**Dataset records**
··········
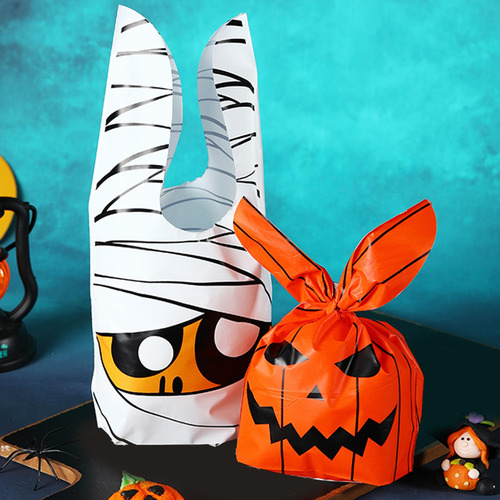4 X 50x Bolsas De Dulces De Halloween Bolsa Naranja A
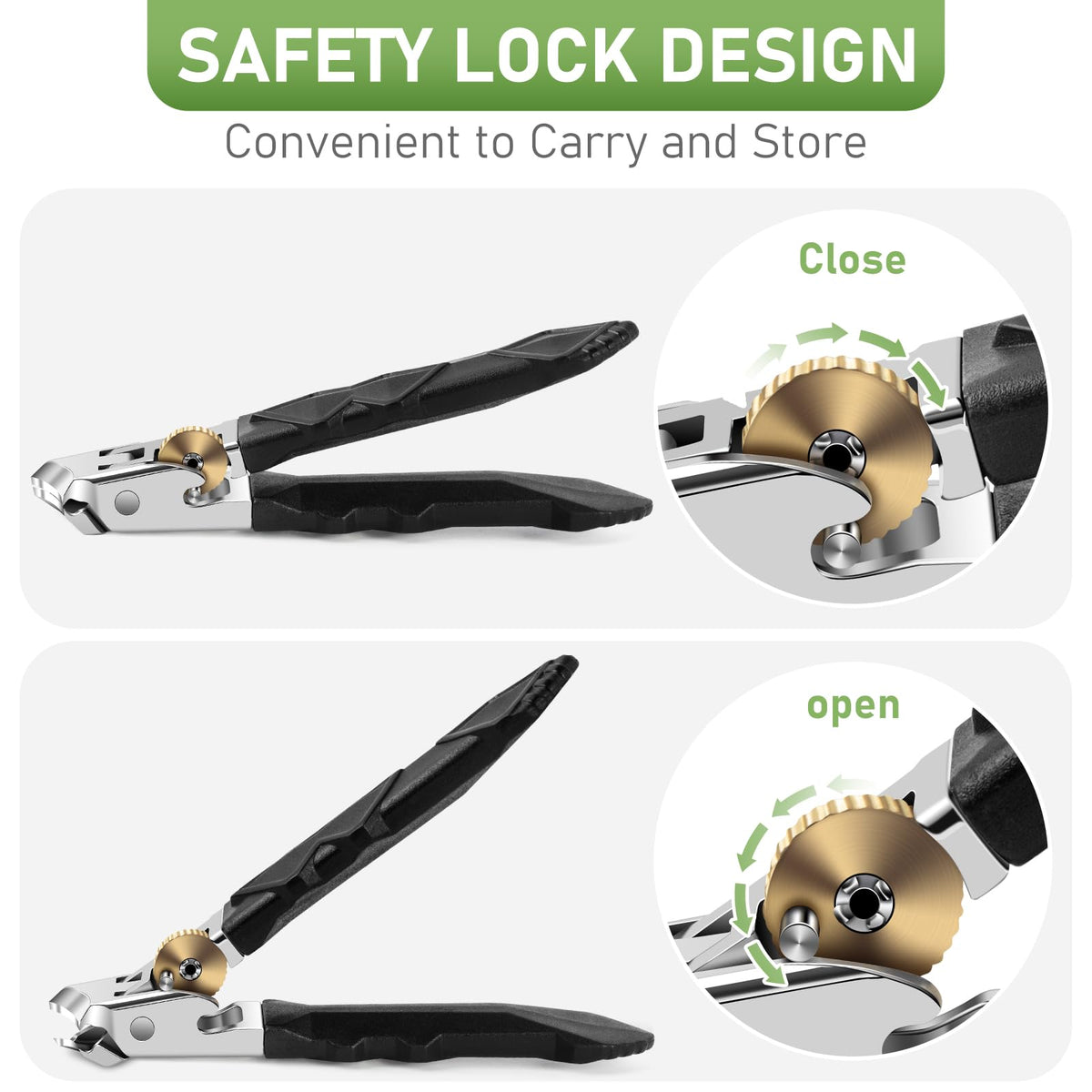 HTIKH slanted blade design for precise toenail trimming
··········
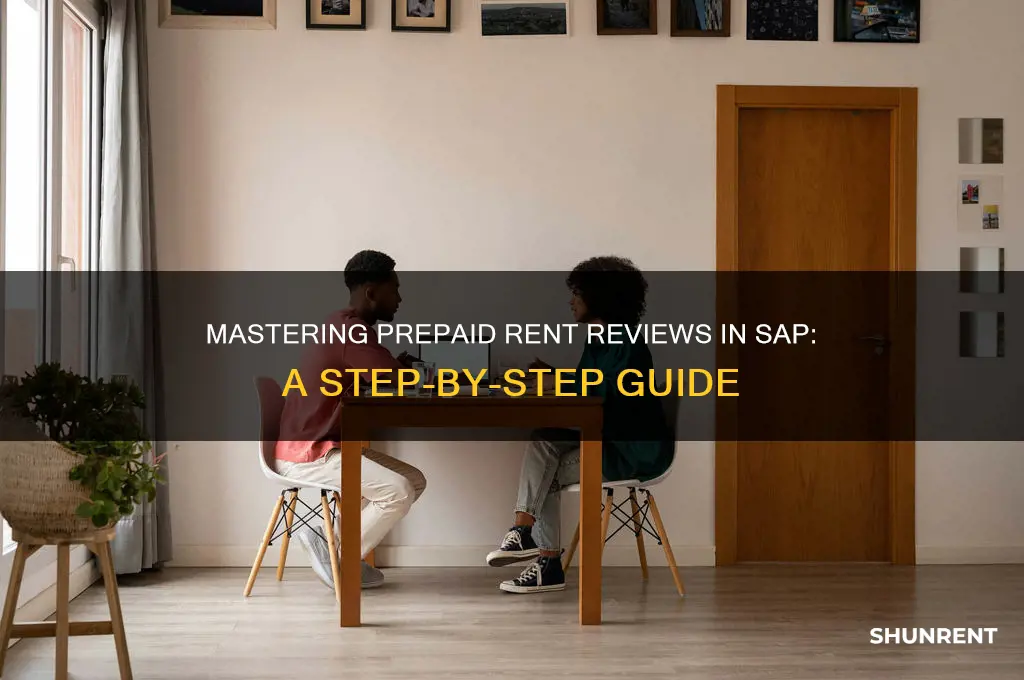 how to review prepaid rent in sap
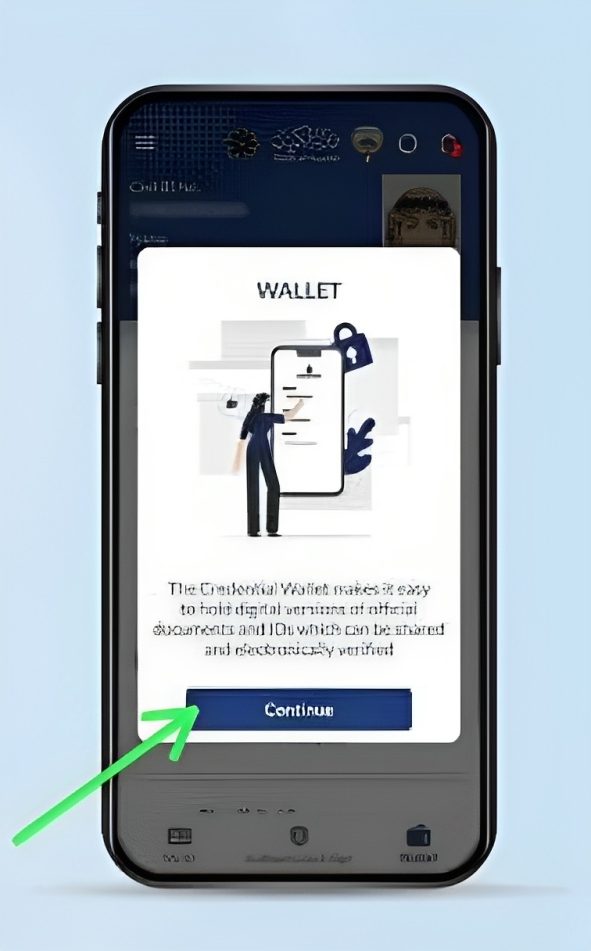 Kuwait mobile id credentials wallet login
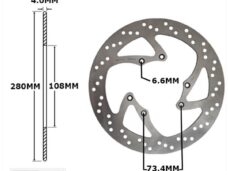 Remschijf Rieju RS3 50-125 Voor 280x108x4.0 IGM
··········
Quote word for word only the lines above from the one containing "4 X 50x Bolsas" through the one containing "HTIKH slanted blade". Pictures stay out of your copy.

4 X 50x Bolsas De Dulces De Halloween Bolsa Naranja A
 HTIKH slanted blade design for precise toenail trimming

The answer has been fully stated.